Franco’s Spring Pea and Pancetta Pasta Mista

spring pea pasta (2)

Franco’s Spring Pea & Pancetta Pasta Mista

Spring is a very lively time of the year for Mother Nature.  Foodies have a lot to look forward to during this rejuvenating season.  The transition from winter to spring is somewhat magical!  You can tap into this enlivening process by making positive changes in your diet.  Repetitive foods of wintertime should now be gone with the wind (and snow!) as we welcome in the much-anticipated return of spring with all its glorious perfection.

Last week, I ventured out on what was the first real spring day, to a wonderful store called World Market.  I had never shopped there before, but what a surprise!  World Market has much more than I had ever anticipated.  Besides all the fabulous household items and gadgets, they have a very interesting assortment of foods.  The imported pastas from Italy caught my eye and I bought two colorful packages of  Torino Pasta Mista

 

Torino Pasta Mista | World Market

Torino Pasta Mista | World Market

The varicolored pasta, along with their many fun shapes, inspired me to cook a light,  yet very tasty  pasta dish using spring peas, pancetta, sweet onion, fresh mint, lemon zest, white wine vinegar, vegetable stock, a little Pecorino Romano cheese and garnished with an edible flower.  Simply delicious!

And, to add a little excitement, I broadcasted the making of this recipe live on my first Meerkat video! This is one of the newest and hottest social media sensations.

Tune in to my Facebook or Twitter accounts to catch when the next live Meerkat broadcast will be.  I hope to meet you there!

I now encourage you to fill your pantry full of springtime goodness and enjoy the recipe below!

Franco’s Spring Pea and Pancetta Pasta Mista

ingredients Ingredients:
  • 1 box (8.8 ounces) Torino Pasta Mista
  • 8 ounces pancetta, diced
  • 1/2 large sweet onion, sliced in half moon shapes
  • 1 tablespoon extra virgin olive oil
  • 2 cups fresh spring peas
  • 2-3 cups vegetable stock (recipe follows)
  • 1/4 cup grated Parmesan
  • 1/4 cup small diced Parmesan
  • Salt and freshly ground black pepper to taste
  • 1/2 lemon, zested
  • 5-6 large mint leaves, chiffonade
  • 1 tablespoon white balsamic vinegar

Procedure:

  •  Bring a large pot of salted water to a boil over medium heat. Add pasta and cook until just al dente.

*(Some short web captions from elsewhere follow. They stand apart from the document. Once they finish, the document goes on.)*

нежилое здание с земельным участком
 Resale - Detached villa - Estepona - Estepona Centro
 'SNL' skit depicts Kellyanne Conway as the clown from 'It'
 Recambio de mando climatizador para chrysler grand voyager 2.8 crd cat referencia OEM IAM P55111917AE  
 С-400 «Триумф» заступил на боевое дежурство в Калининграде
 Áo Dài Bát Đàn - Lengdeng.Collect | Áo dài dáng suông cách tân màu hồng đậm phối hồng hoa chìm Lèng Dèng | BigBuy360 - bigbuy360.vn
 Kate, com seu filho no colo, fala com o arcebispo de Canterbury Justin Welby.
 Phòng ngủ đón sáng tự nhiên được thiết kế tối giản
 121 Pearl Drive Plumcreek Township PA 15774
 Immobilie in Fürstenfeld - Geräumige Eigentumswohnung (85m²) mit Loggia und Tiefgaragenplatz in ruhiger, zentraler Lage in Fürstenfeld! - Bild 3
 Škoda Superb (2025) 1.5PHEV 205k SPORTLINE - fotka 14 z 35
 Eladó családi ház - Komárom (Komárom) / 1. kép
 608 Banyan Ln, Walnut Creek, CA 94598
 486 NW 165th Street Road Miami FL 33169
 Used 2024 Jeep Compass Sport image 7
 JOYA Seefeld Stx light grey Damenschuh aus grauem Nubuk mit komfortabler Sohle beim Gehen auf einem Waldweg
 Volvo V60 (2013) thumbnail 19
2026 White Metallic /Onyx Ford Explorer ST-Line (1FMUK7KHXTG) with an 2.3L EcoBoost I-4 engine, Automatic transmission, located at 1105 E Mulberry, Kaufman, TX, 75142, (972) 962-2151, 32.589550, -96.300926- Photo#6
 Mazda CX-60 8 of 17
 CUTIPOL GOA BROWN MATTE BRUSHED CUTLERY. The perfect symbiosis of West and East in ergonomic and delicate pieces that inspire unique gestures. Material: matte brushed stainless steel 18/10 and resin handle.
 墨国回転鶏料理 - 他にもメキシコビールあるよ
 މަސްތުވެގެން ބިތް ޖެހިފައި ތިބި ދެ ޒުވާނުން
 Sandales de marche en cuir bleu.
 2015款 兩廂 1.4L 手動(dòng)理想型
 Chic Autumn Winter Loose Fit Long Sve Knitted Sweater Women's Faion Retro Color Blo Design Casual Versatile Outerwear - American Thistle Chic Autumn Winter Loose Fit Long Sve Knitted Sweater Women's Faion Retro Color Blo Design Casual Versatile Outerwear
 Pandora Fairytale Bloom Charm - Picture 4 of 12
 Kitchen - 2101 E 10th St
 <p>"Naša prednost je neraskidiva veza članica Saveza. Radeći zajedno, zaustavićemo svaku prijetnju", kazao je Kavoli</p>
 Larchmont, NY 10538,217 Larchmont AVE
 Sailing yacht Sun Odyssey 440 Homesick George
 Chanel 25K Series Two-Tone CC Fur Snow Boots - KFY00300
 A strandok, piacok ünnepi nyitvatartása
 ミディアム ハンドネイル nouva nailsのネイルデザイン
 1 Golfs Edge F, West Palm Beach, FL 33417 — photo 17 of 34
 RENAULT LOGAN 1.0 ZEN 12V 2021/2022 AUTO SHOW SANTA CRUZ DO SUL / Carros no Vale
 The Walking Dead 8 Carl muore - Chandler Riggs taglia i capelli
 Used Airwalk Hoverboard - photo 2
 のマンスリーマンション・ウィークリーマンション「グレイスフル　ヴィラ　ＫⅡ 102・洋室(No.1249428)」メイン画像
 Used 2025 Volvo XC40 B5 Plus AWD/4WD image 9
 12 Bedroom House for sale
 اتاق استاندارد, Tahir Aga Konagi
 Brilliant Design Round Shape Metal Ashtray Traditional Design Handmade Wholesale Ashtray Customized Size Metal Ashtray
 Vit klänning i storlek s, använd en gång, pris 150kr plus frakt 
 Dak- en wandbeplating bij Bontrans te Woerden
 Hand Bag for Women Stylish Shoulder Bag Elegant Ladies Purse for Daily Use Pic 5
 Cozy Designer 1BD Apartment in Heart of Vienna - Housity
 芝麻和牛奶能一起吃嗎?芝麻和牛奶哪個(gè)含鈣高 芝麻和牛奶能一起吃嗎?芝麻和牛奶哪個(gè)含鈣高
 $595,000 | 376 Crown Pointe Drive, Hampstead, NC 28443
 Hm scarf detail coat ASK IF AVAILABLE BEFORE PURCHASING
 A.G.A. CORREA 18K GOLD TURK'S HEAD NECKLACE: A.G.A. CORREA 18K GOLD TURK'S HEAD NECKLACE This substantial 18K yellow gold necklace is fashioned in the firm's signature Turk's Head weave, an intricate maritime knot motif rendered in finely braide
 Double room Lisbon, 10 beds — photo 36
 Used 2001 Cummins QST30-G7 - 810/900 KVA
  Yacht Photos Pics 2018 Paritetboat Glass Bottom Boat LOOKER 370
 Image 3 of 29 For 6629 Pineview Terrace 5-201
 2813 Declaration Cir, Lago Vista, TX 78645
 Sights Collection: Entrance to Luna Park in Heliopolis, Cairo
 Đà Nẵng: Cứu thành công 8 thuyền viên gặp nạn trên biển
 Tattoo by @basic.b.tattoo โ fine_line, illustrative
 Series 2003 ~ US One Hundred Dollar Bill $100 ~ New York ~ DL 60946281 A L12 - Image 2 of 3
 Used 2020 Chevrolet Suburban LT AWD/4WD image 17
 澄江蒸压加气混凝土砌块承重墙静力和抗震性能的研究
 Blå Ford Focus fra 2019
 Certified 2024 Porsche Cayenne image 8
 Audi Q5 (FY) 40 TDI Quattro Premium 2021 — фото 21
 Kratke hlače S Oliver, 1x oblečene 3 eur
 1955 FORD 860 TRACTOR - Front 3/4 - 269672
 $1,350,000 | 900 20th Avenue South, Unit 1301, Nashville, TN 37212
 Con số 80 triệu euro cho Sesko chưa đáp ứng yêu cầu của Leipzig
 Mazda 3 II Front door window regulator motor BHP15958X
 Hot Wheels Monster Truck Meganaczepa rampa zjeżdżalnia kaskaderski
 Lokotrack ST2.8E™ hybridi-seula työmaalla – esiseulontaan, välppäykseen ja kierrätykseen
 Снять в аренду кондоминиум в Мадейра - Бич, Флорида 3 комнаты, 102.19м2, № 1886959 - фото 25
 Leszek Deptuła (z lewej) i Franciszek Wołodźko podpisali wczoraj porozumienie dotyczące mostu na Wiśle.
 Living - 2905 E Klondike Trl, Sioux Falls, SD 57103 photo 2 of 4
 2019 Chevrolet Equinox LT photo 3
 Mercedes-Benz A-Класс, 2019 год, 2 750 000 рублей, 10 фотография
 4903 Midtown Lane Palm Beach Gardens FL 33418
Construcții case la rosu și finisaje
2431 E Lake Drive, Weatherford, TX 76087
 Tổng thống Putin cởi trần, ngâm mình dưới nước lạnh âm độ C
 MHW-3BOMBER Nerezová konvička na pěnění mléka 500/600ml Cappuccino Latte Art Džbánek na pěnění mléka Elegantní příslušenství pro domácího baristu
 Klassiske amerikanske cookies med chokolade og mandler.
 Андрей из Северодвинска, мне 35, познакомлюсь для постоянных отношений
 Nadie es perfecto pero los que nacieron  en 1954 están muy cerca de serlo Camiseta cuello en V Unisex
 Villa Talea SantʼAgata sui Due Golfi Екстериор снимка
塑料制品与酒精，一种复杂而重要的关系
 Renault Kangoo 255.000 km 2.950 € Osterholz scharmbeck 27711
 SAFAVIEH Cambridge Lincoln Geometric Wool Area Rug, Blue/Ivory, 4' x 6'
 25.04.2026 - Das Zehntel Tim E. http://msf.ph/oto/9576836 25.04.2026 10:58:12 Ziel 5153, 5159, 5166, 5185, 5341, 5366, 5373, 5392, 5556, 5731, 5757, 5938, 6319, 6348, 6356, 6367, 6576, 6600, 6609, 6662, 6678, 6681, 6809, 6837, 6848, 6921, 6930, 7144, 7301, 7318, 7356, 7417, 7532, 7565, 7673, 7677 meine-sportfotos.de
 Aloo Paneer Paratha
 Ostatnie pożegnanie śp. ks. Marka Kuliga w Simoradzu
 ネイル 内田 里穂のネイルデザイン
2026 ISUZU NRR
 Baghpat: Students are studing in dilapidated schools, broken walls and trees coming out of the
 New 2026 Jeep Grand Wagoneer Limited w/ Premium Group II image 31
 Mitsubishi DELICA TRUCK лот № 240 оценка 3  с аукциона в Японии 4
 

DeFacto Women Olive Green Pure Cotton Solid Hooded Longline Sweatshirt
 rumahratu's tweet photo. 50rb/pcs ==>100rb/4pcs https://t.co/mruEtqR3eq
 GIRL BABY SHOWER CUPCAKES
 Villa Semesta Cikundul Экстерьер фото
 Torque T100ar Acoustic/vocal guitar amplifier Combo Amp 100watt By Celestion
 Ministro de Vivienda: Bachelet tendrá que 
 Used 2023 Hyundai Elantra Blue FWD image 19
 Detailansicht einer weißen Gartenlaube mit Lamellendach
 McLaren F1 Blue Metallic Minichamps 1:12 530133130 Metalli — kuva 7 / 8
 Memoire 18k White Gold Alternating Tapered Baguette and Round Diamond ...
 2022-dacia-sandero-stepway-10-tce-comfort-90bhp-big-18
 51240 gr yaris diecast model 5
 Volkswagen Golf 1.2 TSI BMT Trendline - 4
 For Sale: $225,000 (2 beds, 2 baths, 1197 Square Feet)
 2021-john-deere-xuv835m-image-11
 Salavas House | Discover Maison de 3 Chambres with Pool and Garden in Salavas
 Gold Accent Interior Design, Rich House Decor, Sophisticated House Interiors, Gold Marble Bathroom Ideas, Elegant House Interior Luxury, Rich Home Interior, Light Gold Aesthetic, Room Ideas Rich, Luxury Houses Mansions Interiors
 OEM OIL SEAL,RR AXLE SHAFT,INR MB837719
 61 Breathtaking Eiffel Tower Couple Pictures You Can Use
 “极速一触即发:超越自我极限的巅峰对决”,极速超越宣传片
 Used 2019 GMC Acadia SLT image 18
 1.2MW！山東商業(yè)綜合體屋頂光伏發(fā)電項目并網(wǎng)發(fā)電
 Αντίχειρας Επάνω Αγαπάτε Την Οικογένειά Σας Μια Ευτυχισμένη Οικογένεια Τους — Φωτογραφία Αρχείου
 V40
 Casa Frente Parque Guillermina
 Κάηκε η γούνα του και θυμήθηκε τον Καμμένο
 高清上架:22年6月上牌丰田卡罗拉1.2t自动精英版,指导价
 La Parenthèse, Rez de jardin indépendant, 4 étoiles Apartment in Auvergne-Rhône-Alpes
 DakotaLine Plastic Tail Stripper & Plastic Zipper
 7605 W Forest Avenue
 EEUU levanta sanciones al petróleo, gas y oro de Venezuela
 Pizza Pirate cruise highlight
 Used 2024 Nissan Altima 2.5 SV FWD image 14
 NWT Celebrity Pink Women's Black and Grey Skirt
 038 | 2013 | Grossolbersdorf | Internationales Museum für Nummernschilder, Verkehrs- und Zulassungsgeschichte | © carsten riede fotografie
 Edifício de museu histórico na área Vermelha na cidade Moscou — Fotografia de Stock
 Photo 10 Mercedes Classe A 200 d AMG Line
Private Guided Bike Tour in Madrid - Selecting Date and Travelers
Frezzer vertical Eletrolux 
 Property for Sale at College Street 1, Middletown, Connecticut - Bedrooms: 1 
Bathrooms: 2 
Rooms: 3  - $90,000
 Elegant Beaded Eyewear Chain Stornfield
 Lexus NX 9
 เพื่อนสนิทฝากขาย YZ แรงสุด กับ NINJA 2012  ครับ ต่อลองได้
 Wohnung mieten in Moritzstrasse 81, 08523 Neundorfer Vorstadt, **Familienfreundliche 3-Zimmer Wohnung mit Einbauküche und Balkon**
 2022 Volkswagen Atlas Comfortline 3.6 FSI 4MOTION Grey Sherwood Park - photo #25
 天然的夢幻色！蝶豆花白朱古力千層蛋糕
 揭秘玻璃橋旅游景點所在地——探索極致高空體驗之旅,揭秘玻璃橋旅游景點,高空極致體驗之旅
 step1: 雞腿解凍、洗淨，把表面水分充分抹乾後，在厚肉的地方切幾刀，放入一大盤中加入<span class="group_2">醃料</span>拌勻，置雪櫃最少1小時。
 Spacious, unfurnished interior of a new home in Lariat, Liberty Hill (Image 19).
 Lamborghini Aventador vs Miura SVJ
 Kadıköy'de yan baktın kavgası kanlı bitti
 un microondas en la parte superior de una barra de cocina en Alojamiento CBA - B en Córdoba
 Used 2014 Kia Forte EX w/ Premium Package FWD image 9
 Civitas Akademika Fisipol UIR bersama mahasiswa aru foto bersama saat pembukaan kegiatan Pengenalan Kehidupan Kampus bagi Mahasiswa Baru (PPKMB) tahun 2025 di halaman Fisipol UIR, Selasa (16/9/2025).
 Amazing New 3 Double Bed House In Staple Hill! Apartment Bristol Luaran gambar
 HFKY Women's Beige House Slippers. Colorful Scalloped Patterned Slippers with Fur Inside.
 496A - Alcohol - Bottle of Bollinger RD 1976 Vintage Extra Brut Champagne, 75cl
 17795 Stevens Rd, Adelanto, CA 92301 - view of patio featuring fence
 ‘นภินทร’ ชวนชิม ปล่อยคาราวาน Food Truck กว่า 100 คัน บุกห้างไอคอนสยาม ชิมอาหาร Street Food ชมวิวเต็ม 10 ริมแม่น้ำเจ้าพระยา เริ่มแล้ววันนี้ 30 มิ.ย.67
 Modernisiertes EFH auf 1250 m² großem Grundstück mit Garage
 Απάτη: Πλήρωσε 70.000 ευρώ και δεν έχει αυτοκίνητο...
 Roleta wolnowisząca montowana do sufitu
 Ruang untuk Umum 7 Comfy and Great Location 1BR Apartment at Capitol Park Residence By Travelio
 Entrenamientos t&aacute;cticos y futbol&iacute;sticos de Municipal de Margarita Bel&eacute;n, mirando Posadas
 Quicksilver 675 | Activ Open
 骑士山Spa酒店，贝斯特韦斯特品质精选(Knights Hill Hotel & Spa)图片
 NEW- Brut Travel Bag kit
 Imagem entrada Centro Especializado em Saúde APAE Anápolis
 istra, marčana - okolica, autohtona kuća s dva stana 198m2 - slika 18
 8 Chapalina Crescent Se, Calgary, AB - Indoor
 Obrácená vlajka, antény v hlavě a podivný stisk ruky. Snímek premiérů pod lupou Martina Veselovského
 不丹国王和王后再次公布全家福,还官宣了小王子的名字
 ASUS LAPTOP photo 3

Tip:  Once you add the pasta to the water bring it to a medium to low boil which will help keep the integrity of the pasta shapes intact. A vigorous boil will break up the delicate shapes.

  • Cook the pasta for 8 minutes, or just  before al dente. Drain pasta, reserving 1 cup of pasta water. You will finish cooking it in the sauté pan.
  • While the pasta is cooking, sauté pancetta in a large pan over medium heat.  Slowly render out the fat for about 6 minutes.
  • Add the olive oil and onions and toss. 
  • Sauté onions 2-3 minutes add 3 tablespoons of vegetable stock to the sauté pan, reduce the heat to a moderate flame and cook covered for about 5 minutes. Or until the onions are soft and translucent.
  • Add the pasta and the vegetable stock  to the pan and cook for 3 minutes more tossing gently. Stir in the grated Parmesan, to create a sauce with the stock.

Tip: This pan sauce should just be enough to lightly coat the pasta.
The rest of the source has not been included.